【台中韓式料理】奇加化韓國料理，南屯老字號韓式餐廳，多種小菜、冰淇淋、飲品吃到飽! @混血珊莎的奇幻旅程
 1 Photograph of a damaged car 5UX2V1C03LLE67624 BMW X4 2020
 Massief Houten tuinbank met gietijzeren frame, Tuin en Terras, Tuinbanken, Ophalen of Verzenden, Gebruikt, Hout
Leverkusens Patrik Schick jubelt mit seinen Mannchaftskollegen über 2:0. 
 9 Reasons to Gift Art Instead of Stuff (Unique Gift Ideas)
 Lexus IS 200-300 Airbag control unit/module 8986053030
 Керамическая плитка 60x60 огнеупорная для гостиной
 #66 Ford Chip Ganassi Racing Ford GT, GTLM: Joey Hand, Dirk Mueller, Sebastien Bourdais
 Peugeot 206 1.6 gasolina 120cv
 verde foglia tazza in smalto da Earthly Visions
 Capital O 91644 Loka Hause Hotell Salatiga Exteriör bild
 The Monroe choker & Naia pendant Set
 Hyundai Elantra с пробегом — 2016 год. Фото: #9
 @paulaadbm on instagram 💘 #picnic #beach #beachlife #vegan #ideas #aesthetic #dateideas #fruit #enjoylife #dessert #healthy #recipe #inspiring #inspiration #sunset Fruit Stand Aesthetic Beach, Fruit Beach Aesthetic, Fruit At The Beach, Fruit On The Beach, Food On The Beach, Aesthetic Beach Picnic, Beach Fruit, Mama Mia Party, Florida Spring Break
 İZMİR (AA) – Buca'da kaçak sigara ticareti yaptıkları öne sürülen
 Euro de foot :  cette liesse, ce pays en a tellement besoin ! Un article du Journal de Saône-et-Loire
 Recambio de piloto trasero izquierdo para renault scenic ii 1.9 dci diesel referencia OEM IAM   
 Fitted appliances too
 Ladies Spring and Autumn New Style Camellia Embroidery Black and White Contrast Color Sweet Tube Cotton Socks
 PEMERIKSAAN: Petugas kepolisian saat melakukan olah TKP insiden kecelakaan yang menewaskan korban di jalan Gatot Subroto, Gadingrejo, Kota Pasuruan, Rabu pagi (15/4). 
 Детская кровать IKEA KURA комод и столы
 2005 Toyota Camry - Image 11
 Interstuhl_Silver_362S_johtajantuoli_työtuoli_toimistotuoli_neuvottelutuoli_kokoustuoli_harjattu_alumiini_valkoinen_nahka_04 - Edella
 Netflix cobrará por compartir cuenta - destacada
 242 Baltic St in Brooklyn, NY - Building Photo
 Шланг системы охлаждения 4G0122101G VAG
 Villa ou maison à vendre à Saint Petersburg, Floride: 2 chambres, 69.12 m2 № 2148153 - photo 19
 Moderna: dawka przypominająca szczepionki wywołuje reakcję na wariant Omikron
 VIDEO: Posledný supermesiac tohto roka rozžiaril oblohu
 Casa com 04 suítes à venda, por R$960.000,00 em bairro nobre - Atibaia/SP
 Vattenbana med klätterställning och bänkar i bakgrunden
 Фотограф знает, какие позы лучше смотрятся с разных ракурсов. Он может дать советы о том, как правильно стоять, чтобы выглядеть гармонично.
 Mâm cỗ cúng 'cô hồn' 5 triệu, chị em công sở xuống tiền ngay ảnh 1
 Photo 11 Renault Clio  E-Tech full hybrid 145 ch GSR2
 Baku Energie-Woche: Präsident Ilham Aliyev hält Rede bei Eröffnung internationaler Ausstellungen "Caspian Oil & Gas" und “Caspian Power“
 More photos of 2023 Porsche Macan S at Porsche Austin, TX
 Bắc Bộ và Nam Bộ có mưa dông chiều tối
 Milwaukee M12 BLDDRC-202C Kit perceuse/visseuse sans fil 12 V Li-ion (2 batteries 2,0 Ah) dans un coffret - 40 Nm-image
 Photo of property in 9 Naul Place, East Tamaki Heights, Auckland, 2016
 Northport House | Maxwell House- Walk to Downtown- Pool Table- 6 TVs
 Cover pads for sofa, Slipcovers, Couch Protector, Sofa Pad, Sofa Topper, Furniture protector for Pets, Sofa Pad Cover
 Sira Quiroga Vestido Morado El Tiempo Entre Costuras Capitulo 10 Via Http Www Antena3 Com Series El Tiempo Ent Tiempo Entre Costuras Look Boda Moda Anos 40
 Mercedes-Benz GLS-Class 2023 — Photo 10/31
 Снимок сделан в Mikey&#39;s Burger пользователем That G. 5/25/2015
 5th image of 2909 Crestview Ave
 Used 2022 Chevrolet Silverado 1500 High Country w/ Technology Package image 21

========================

**Exercise:** For the string "Spring", report how many lines of the records contain it, giving the number only.

**Exercise response:** 2